Wiele z nas zastanawia się czy energia ,,PSI'' to prawda, czy ogółem coś istnieje po za naszym ciałem, czy nie jest to nasz wymysł, przecież wyobraźnia jest ogromem.
Dziś odpowiem wam na to pytanie. Otóż tak, to wszystko prawda. skąd śmiem podejmować tak śmiałą teorię ? Ponieważ wiem.. wiem już praktycznie wszystko, i podzielę się z wami tym, nie samą teorią, potwierdzeniami, część teorii obalę, część potwierdzę. Na końcu wyjaśnię co się stało, skąd dokładnie wiem.
Temat podzielę na kilka ważnych wątków, proszę czytać je po kolei, bo inaczej, nie znajdziecie ładu w tym wszystkim.
#Życie.
Od wieków, prawieków, człowieka mentalność polegała na tworzeniu, kreowaniu, trzymaniu zdobyczy dla siebie, niczym zwierzę, a w końcu nimi jesteśmy. Z czasem, ta mentalność zmieniała się, pojawił się system kupna, sprzedaży. Trzeba było dać coś od siebie, aby zyskać coś innego, do czego nie mamy dostępu. Tutaj pojawiła się rozbieżność. Podzielono ludzi na 2 typy, kreatorów i ,,szaraków'' plebs.

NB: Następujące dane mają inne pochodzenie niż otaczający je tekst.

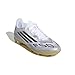 Adidas Unisex-Kids F50 League Firm Ground/Multi Ground, White/Black/Gold Metallic, 1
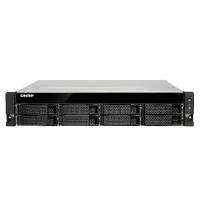 Сетевое хранилище QNAP стоечное исполнение 8BAY 2U NO HDD TS-853BU-4G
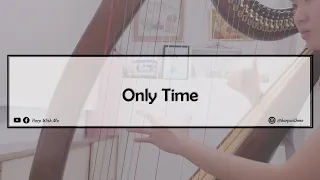 Only Time - Harp Solo Cover [SHEET MUSIC] - Harp With Me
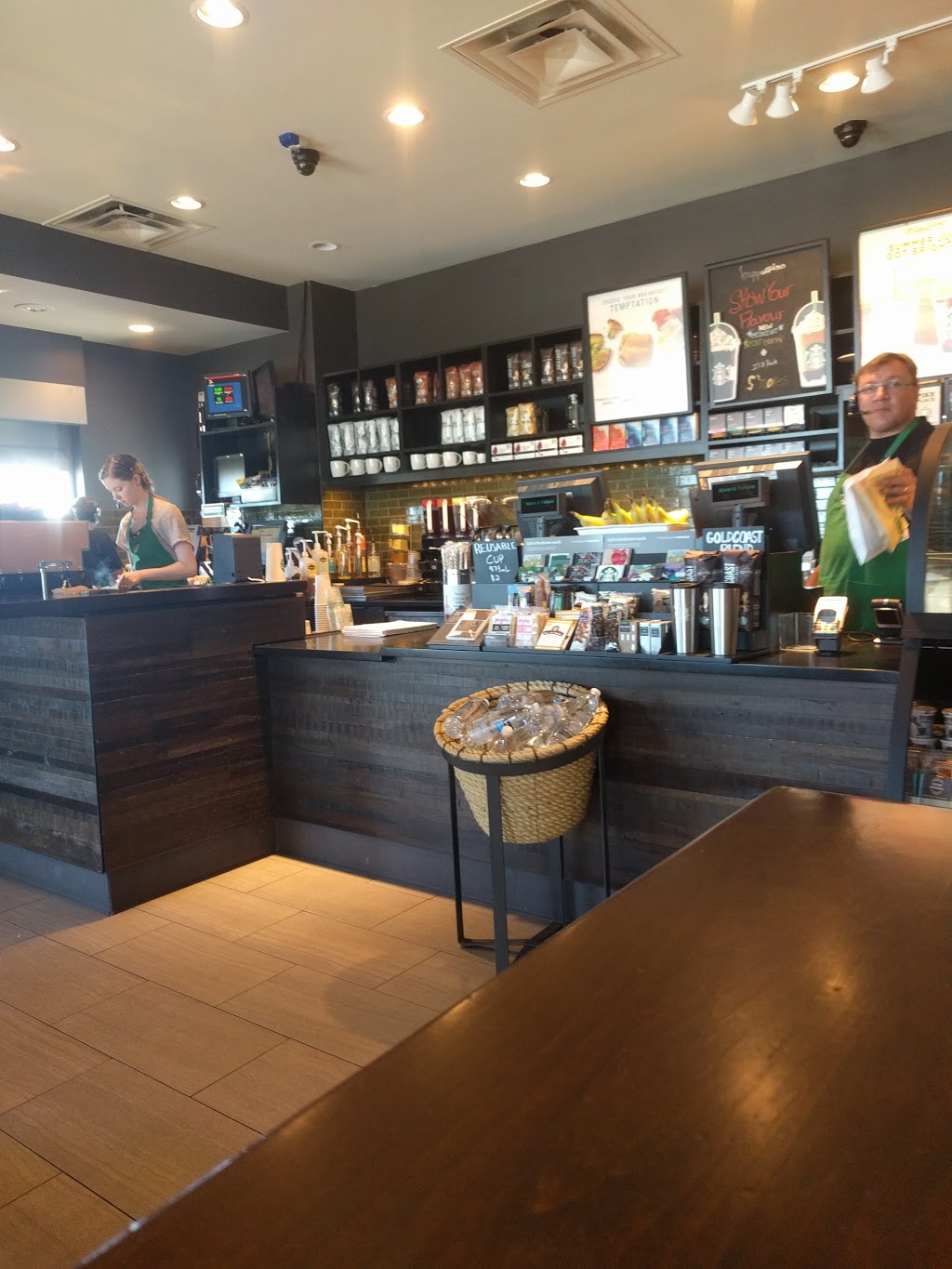 Starbucks | 500 Ranch Market, Strathmore, AB T1P 0A8, Canada | Phone: (403) 934-5571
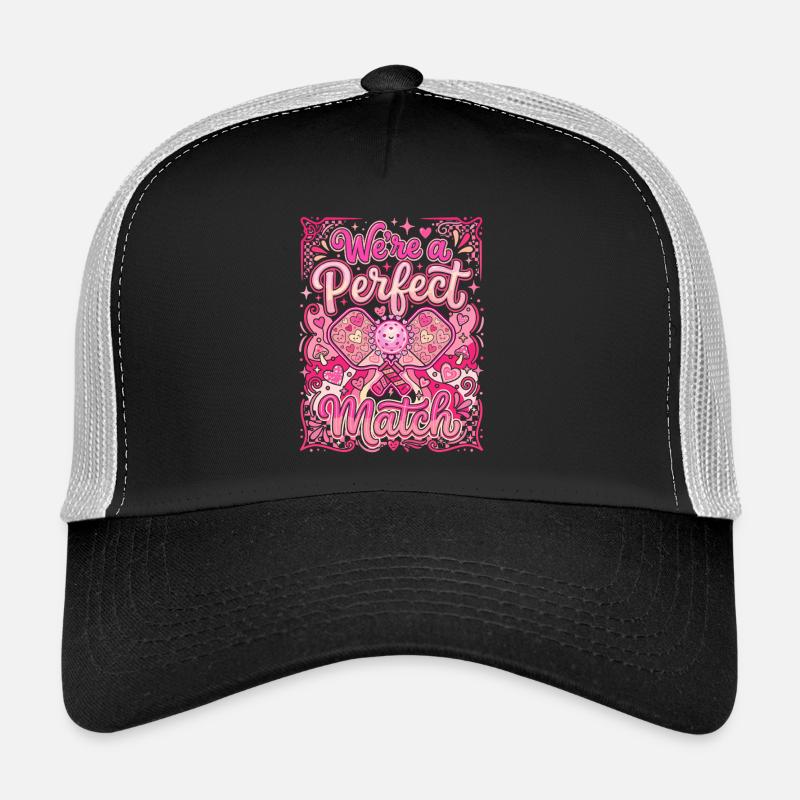 Perfektes Match Herzglanz Trucker Cap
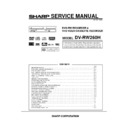 Sharp DV-RW260H (serv.man3) Service Manual
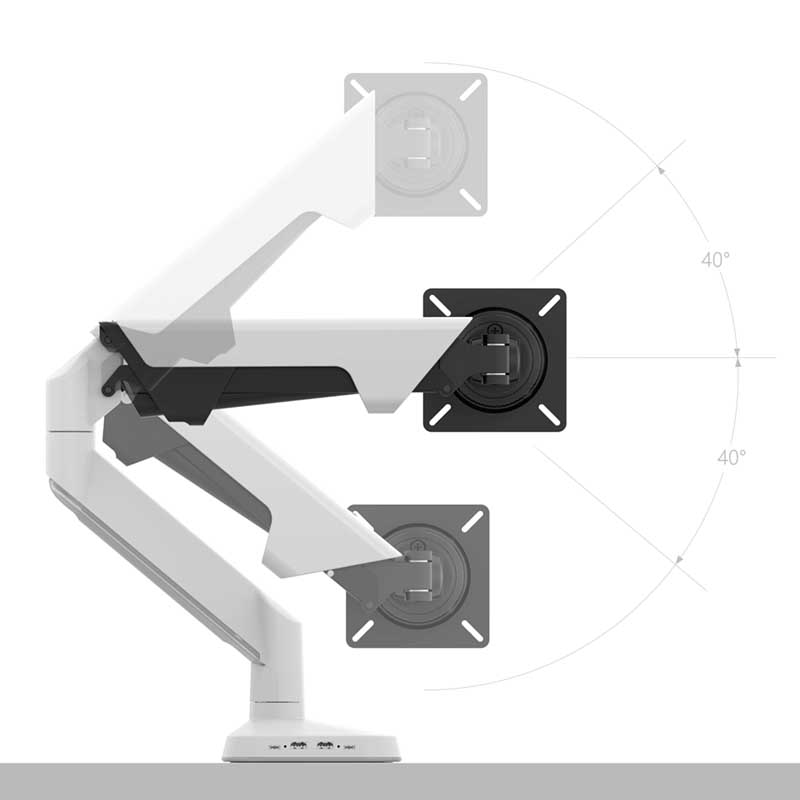 ModernSolid Ares Monitor Arm (GA-1200-BK)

Kreatorzy zauważyli, że kupując przedmioty, są w stanie je kopiować, tworzyć w nakładzie, i jeszcze na tym zyskać. Kiedy oni obmyślali plan, plebs czekał na ruch kogoś innego, mimo iż mogli sami tworzyć to czego chcieli, czekali aż ktoś inny to zrobi za coś.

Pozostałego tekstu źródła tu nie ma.